Material provided:
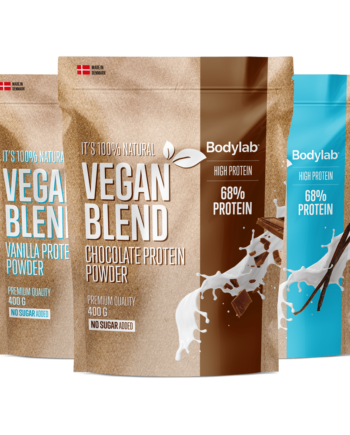 Vegan Protein Blend  400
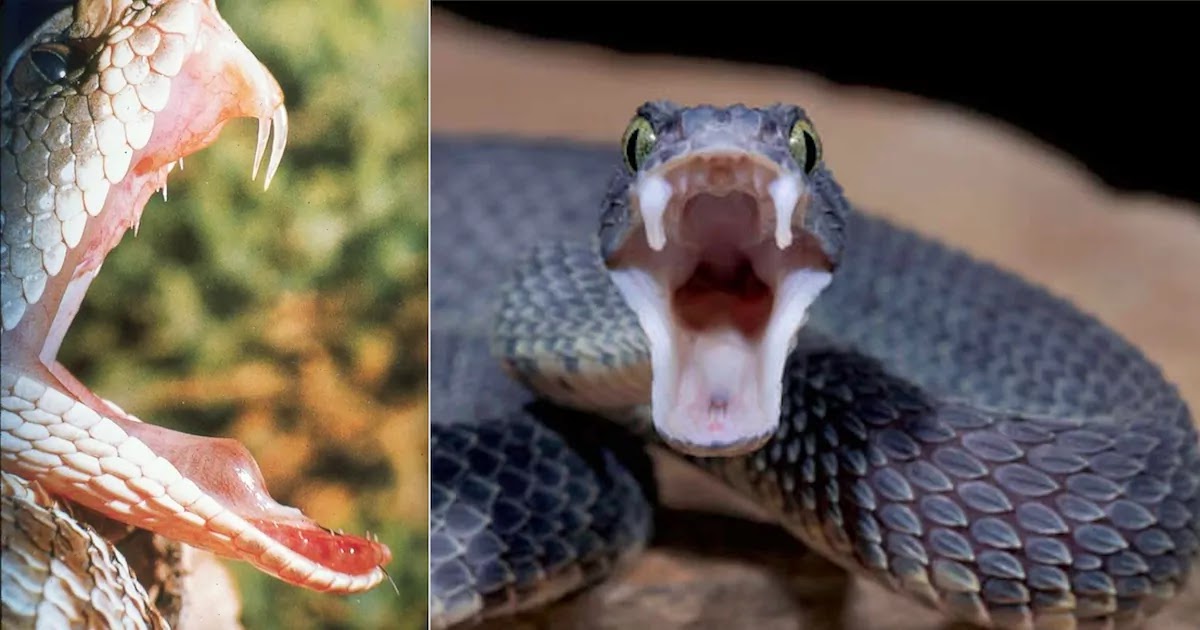 Researchers Reveal That Humans Have Genes Supporting The Production Of A Venomous Bite Researchers Reveal That Humans Have Genes Supporting The Production Of A Venomous Bite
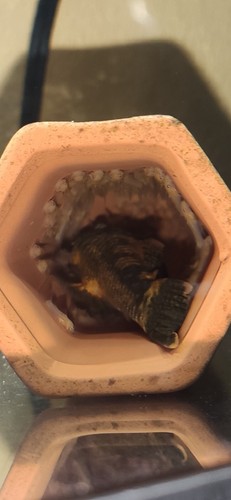 6 Pk Calico Bristlenose Plecos, Super Red Marble gene (Ancistrus sp.)@ 1.5" - 2" - Picture 6 of 6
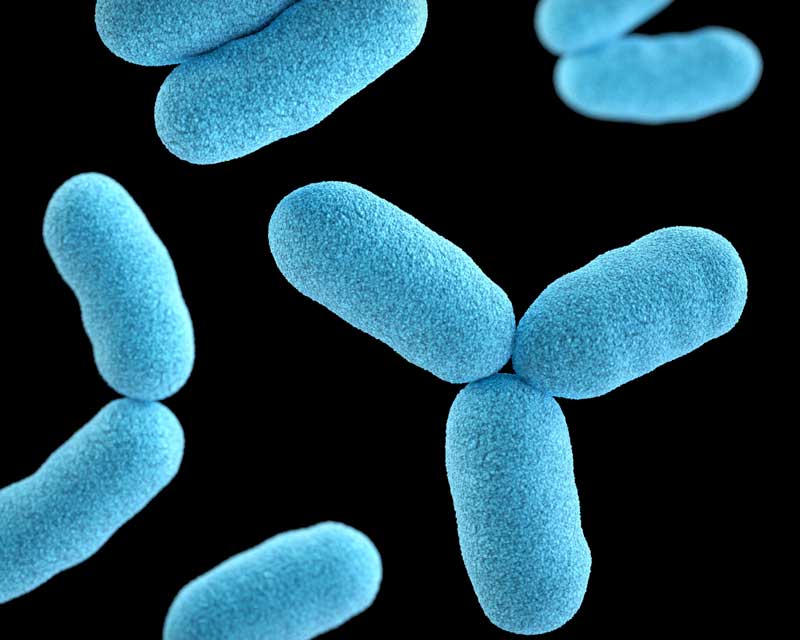 Computer-generated image of bacteria species, colored light blue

Work to be completed:
Could each line of the data be written out exactly, with no pictures included?

Result of this exercise:
 Vegan Protein Blend  400
 Researchers Reveal That Humans Have Genes Supporting The Production Of A Venomous Bite Researchers Reveal That Humans Have Genes Supporting The Production Of A Venomous Bite
 6 Pk Calico Bristlenose Plecos, Super Red Marble gene (Ancistrus sp.)@ 1.5" - 2" - Picture 6 of 6
 Computer-generated image of bacteria species, colored light blue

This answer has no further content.